▸ **Work order**:
Beginning with the line that includes "A spacious and" and ending with the last line, print the records exactly, leaving every picture out.

[Captioned web image data]
-*-
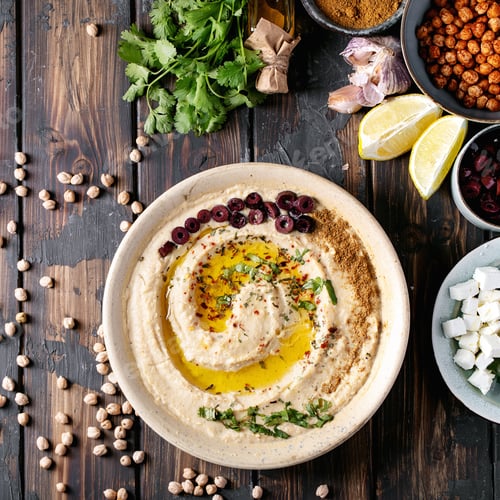 Vista previa: Hummus With Olive Oil And Ground Cumin In Ceramic Bowl Served With Lemons, Olives, Feta Cheese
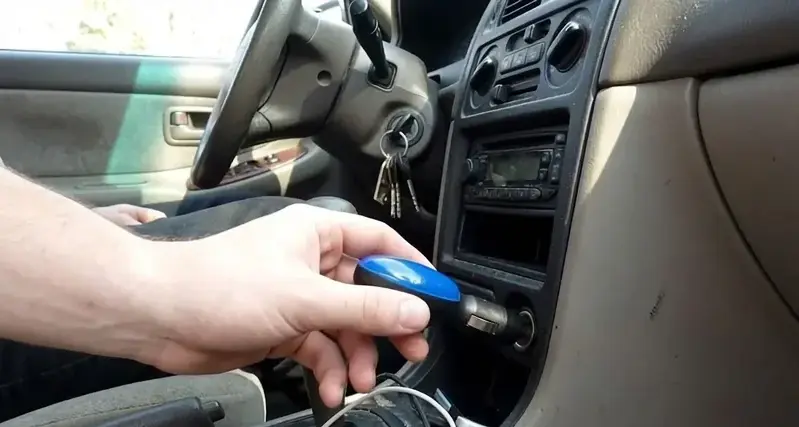 A close-up view of the FuelSync device being installed by an expert.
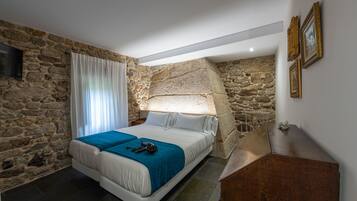 Un dormitorio con pared de piedra, una cama con manta azul, un aparador de madera y un televisor montado en la pared.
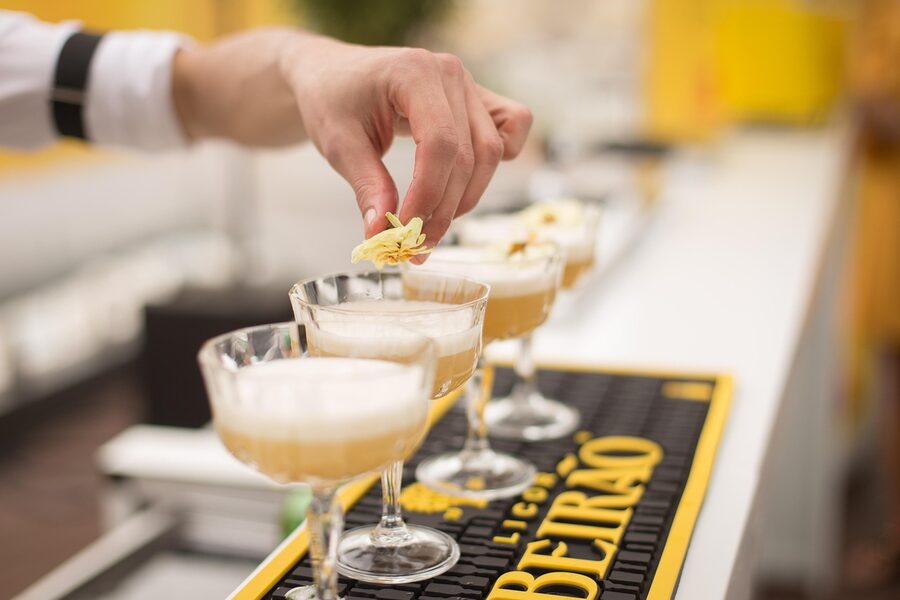 Bartender preparing colourful cocktails behind a bar counter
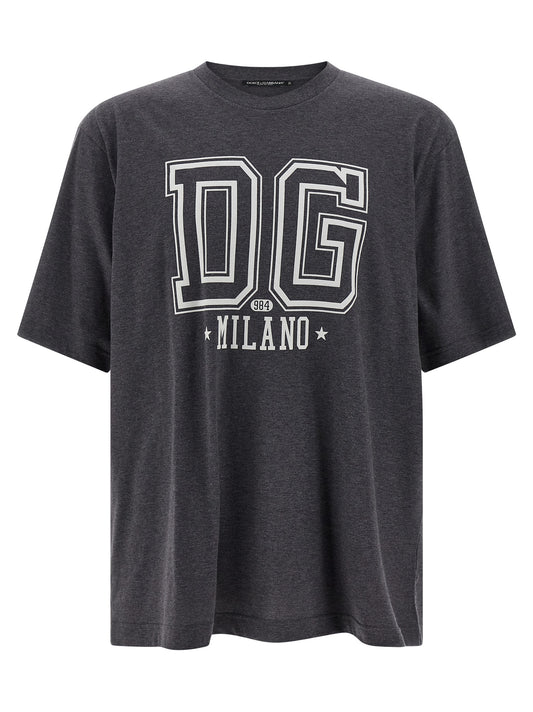 T-Shirt by Dolce & Gabbana for men in cotton gray & print showcases a dramatic silhouette, elegantly detailed with a dramatic crew neckline and short-sleeve for a truly dramatic finish.
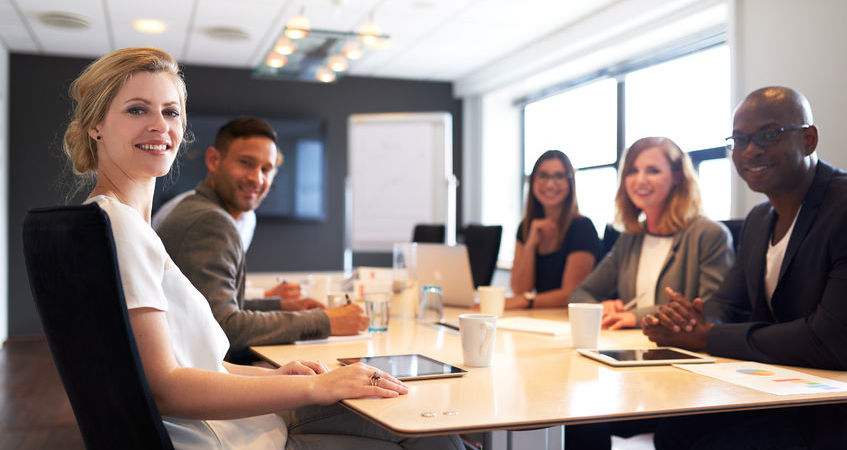 41683456 - group of young executives smiling at camera during a work meeting.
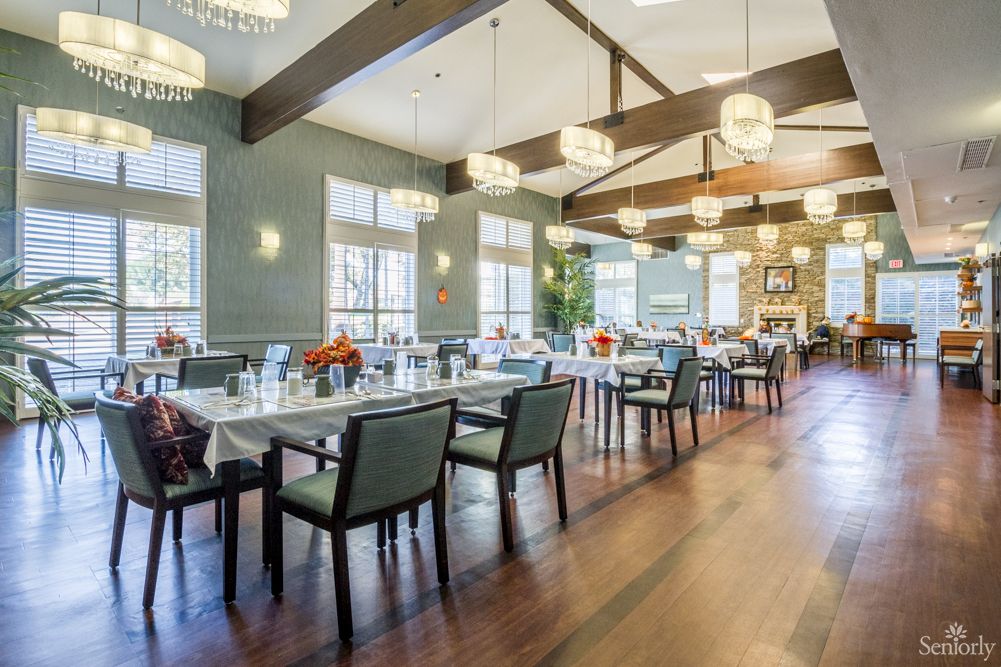 A spacious and elegantly designed dining area with modern lighting fixtures and neatly arranged tables and chairs.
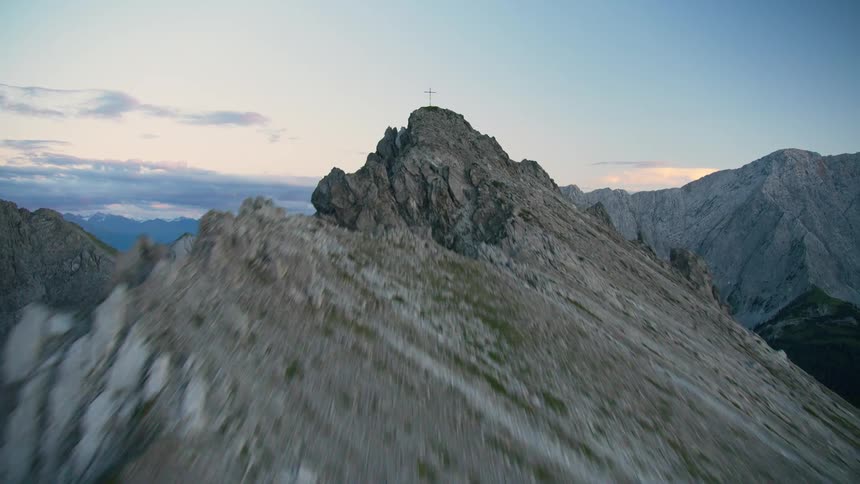 A cross is at the peak of the mountain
-*-
▸ **Response**:
 A spacious and elegantly designed dining area with modern lighting fixtures and neatly arranged tables and chairs.
 A cross is at the peak of the mountain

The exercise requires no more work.